## [TASK PROMPT]
Starting at the line that contains "Balão de Festa", output each line through the end of the data exactly, and nothing more.

## [RECORDED DATA]
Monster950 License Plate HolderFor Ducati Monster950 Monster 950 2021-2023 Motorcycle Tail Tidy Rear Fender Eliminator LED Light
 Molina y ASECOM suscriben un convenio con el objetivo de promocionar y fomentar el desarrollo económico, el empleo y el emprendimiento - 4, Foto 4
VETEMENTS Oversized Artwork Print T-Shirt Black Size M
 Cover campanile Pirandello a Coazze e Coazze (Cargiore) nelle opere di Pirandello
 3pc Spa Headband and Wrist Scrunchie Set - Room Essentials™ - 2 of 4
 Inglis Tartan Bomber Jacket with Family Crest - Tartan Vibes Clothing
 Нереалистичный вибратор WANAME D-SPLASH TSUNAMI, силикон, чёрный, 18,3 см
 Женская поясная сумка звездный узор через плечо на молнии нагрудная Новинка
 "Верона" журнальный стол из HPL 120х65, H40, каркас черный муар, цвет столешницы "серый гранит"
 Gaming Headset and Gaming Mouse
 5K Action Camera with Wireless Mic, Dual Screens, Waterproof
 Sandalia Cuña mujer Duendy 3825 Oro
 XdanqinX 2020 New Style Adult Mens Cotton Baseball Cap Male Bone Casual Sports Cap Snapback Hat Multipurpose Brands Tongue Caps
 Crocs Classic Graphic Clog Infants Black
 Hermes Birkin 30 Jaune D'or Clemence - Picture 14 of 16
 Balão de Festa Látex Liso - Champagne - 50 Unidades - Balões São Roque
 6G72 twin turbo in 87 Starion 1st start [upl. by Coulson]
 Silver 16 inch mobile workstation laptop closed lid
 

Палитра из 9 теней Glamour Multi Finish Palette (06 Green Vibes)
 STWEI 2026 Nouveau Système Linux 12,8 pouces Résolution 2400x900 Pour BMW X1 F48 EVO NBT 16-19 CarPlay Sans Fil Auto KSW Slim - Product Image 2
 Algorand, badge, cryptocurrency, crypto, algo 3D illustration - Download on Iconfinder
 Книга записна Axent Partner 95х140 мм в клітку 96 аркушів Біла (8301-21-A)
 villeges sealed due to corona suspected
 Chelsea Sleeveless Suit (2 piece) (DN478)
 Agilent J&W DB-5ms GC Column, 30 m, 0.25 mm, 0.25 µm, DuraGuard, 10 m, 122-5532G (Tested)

## [SOLUTION TO THIS EXERCISE]
 Balão de Festa Látex Liso - Champagne - 50 Unidades - Balões São Roque
 6G72 twin turbo in 87 Starion 1st start [upl. by Coulson]
 Silver 16 inch mobile workstation laptop closed lid
 

Палитра из 9 теней Glamour Multi Finish Palette (06 Green Vibes)
 STWEI 2026 Nouveau Système Linux 12,8 pouces Résolution 2400x900 Pour BMW X1 F48 EVO NBT 16-19 CarPlay Sans Fil Auto KSW Slim - Product Image 2
 Algorand, badge, cryptocurrency, crypto, algo 3D illustration - Download on Iconfinder
 Книга записна Axent Partner 95х140 мм в клітку 96 аркушів Біла (8301-21-A)
 villeges sealed due to corona suspected
 Chelsea Sleeveless Suit (2 piece) (DN478)
 Agilent J&W DB-5ms GC Column, 30 m, 0.25 mm, 0.25 µm, DuraGuard, 10 m, 122-5532G (Tested)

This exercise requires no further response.